Bill Clinton`s chief-of-staff, now a Washington insider, has just proposed a Marshall Plan of subsidies for Mexico:

“Thomas McLarty said the United States should partner with Mexico, and to a lesser degree with Canada, in a `Marshall Plan` effort — named for the U.S. aid offensive for a ravaged Europe after World War Two — that could inspire Mexico`s work force to remain at home.
“`In Mexico, we need to consider some type of Marshall Plan,` McLarty told a Latin American energy conference in a San Diego suburb. McLarty said the three countries could provide $20 billion in development aid over a 10-year period.
“`That sounds like a lot of money, and it is,` said McLarty, who served as White House chief of staff from 1993 to 1994 and is now a consultant. `Consider that the United States spent $100 billion in Iraq in just this past year. Unless we help out our neighbors to the south, and especially Mexico, we will continue to have this issue of immigration which will hurt our relations.`”

A week before 9/11, I kicked the same idea around in VDARE.COM in my article “A Marshall Plan for Mexico.”

The obvious problems, of course, is that so much of the money would likely end up in the Swiss bank accounts of the Mexican ruling class that it would have no effect on the immigration rate.

So, I proposed a mechanism to make the subsidy dependent upon Mexico cutting the number of border crossers:

“Mexico needs help if it`s ever to be a good neighbor to the U.S. Our political establishment`s plan for helping Mexico is to take even more unemployed Mexicans off Fox`s hands. The moral problem with this plan, among others, is that most of the burden of helping Mexico this way falls on those Americans least able to afford it.

“A better solution would be to put more of the burden of helping Mexico on American taxpayers. The progressive income tax means that the costs would fall more on the right half of the American bell curve, who can afford it, rather than on the left half.

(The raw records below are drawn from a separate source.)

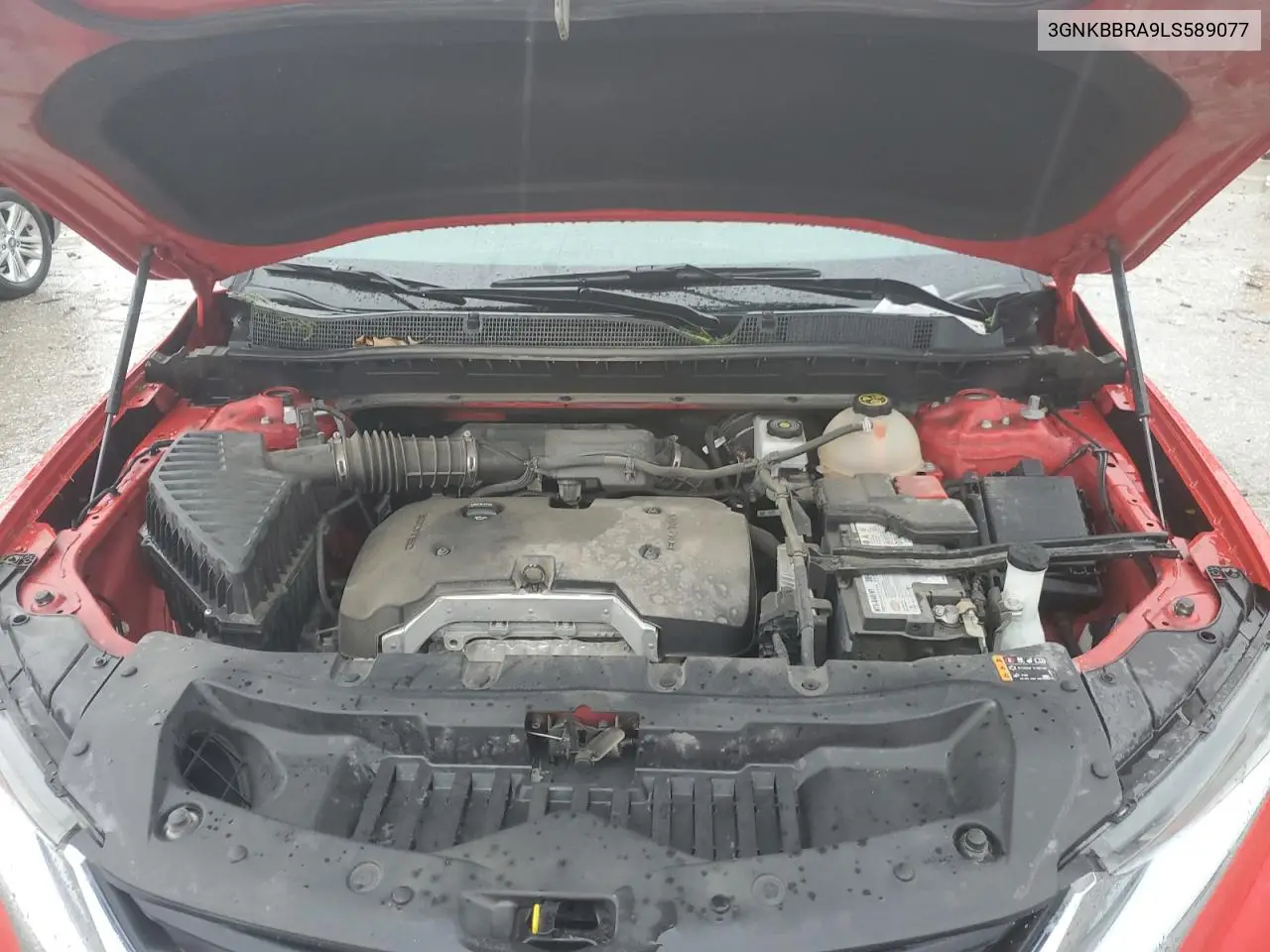 2020 Chevrolet Blazer 1Lt VIN: 3GNKBBRA9LS589077 Lot: 59576905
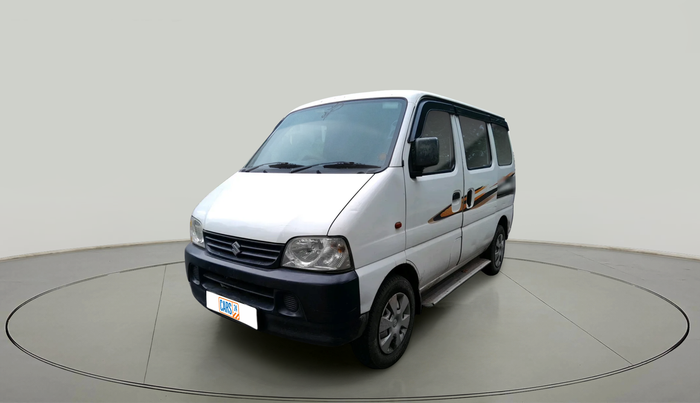 2017 Maruti Eeco 5 STR WITH A/C+HTR, Petrol, Manual, 63,496 km, exterior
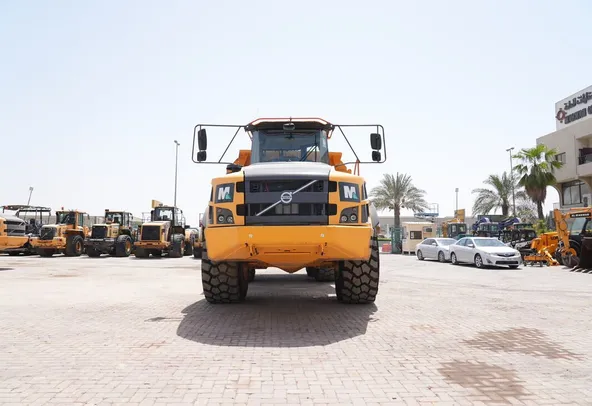 2019 Volvo A40G Articulated Dump Truck front view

“We should demand that Fox use his military to police his northern border regions against Mexicans trying to illegally enter America as vigorously as he`s doing on his southern border. In return for quantified cuts in illegal immigration from Mexico, we would offer a Marshall Plan-type arrangement to help Mexicans stay in Mexico. For example, we could offer Fox $4 for every $1 that private remittances from Mexicans resident in the US decline. So, if Fox helped cut the number of Mexican illegals in the US by enough that the amount of money wired home fell from $7 billion to $4 billion per year, we`d give him $12 billion. To us, that`s a pittance to pay annually to help solve a pressing social problem.”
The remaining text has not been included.